Ron Klain, who was chief of staff to former President Joe Biden until 2023, testified for hours behind closed doors Thursday as part of the latest interview for the House Oversight Committee‘s investigation into Biden’s inner circle and his use of an autopen.
Klain entered a House office building at 9:46 a.m. and did not take any questions from reporters, including why Biden was taking Ambien ahead of his 2024 presidential debate against Donald Trump, as Hunter Biden revealed in a recent interview. Klain stayed on Capitol Hill for six hours, including a 45-minute lunch break, and answered questions posed by committee staff until 3:50 p.m. He declined to comment as he exited the interview room.

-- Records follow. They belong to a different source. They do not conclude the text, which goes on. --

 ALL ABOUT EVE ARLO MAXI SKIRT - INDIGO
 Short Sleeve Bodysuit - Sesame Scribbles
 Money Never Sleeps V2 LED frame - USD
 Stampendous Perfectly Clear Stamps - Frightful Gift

Klain told the committee he believed Biden was fit to serve but acknowledged he appeared tired and sick before the debate, adding that he does not have knowledge of him taking Ambien, according to a source familiar with the testimony. Klain acknowledged Biden had lost some energy and his memory had gotten worse. However, the source said Klain did not believe Biden was too old to run for president.

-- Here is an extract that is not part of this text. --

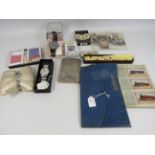 Mixed lot to include ladies wristwatches, playing cards, cigarette case etc.
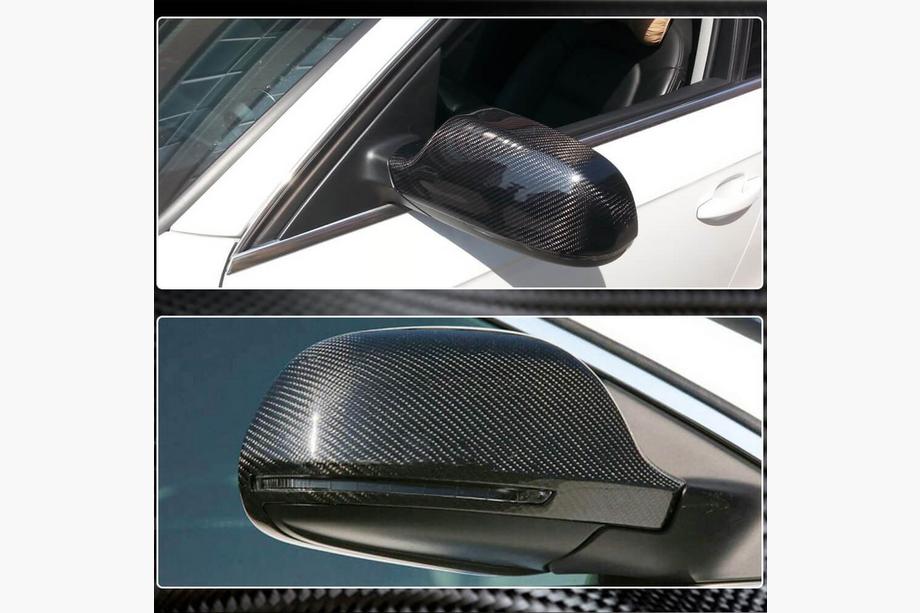 Audi A4 B8 2007–2015 Spiegelkappen Replacement Style (Carbon) V2 Foto 3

By 2024, former Secretary of State Hillary Clinton and Biden’s national security adviser Jake Sullivan told Klain they thought Biden was not politically viable, Klain told the committee, according to the source.
“Americans want to know was Joe Biden, in fact, aware of what the autopen was being used to sign his name on, or was, in fact, some family members or high-level officials in the Biden administration just acting unilaterally as President of the United States and using the autopen,” House Oversight Committee Chairman James Comer (R-KY) said.
Before working in the Biden administration, Klain had a long history in government service. He worked in the Senate as chief counsel of the Judiciary Committee and staff director of the Democratic Leadership Committee. He was also the associate counsel for judicial selection under former President Bill Clinton, chief of staff to former Vice President Al Gore, chief of staff and counselor to the U.S. attorney general, and chief of staff to then-Vice President Biden. Klain is the chief legal officer at Airbnb and got his law degree from Harvard.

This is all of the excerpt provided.